## EXERCISE PROMPT
A letter-for-letter copy of the listing is required, with no pictures in it.

## SUPPLIED MATERIAL
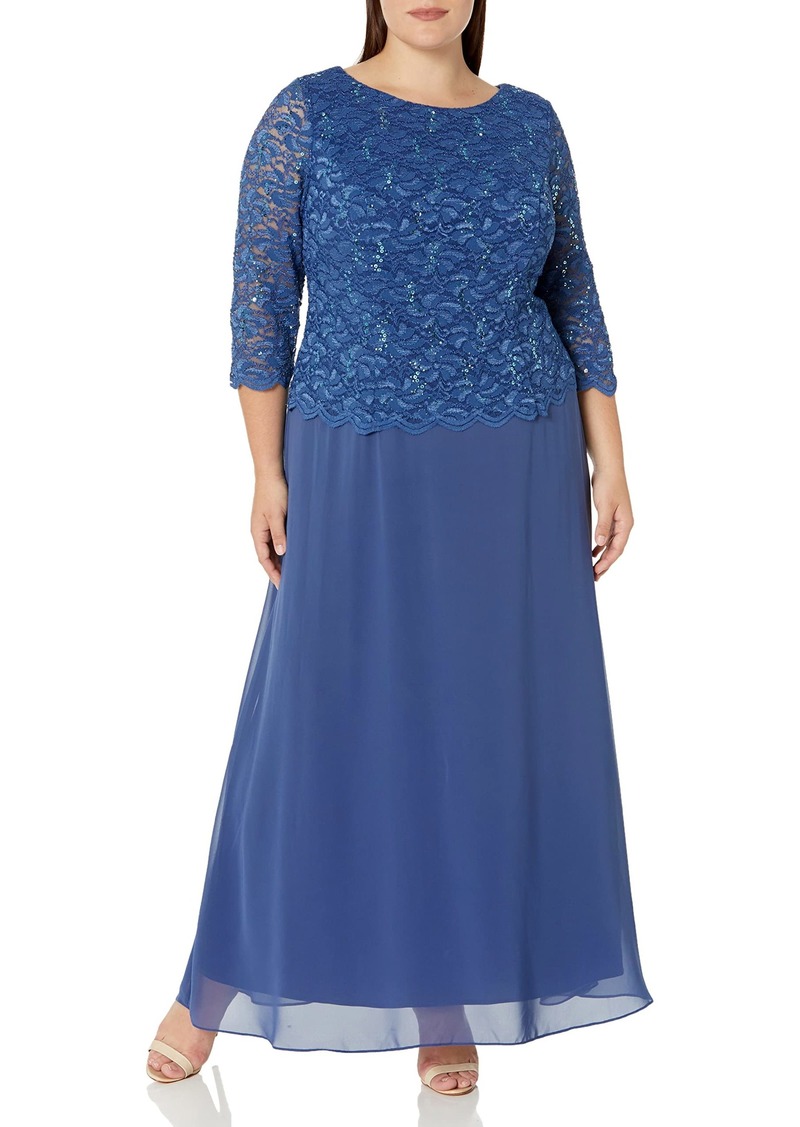 Alex Evenings Women's Plus-Size Long Dress with Scalloped Trim  16W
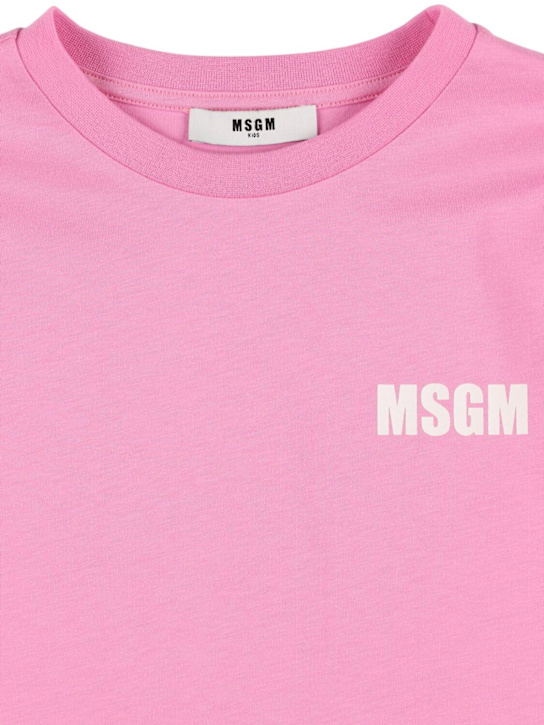 MSGM: T-shirt in jersey di cotone con logo - kids-girls_1 | Luisa Via Roma
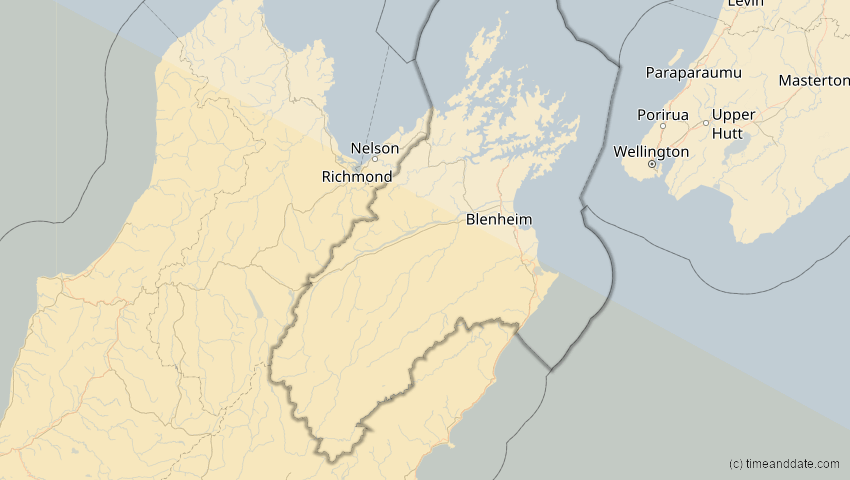 A map of Marlborough, Neuseeland, showing the path of the 17. Jan 2094 Totale Sonnenfinsternis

## FINISHED TASK
 Alex Evenings Women's Plus-Size Long Dress with Scalloped Trim  16W
 MSGM: T-shirt in jersey di cotone con logo - kids-girls_1 | Luisa Via Roma
 A map of Marlborough, Neuseeland, showing the path of the 17. Jan 2094 Totale Sonnenfinsternis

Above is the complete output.